+++ Supplied records

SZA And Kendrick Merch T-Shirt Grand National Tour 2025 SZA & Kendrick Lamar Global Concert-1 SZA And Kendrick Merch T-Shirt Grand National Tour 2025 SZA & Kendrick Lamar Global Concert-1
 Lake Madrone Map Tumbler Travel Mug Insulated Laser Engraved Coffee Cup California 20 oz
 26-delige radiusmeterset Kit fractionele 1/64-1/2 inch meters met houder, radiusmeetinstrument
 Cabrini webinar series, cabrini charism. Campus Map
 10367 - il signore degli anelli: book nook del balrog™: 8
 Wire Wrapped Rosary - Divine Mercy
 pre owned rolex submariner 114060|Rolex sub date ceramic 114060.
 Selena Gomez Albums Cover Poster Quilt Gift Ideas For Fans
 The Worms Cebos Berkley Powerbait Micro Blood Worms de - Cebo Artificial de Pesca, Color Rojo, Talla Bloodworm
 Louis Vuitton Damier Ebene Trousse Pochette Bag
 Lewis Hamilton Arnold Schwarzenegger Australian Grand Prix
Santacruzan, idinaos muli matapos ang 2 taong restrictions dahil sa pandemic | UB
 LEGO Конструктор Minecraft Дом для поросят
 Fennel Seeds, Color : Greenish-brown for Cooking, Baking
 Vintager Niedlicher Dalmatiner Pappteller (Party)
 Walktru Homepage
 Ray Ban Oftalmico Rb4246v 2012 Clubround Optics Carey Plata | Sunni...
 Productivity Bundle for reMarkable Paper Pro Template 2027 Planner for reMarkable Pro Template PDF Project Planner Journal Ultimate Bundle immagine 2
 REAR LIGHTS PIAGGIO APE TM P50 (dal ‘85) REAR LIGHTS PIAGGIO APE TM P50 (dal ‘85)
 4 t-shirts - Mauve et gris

++++++

**Task brief:**
An exact copy is required of each line from the one containing "Walktru Homepage" through the last line of the material, and of no other line.

**Answer below:**
 Walktru Homepage
 Ray Ban Oftalmico Rb4246v 2012 Clubround Optics Carey Plata | Sunni...
 Productivity Bundle for reMarkable Paper Pro Template 2027 Planner for reMarkable Pro Template PDF Project Planner Journal Ultimate Bundle immagine 2
 REAR LIGHTS PIAGGIO APE TM P50 (dal ‘85) REAR LIGHTS PIAGGIO APE TM P50 (dal ‘85)
 4 t-shirts - Mauve et gris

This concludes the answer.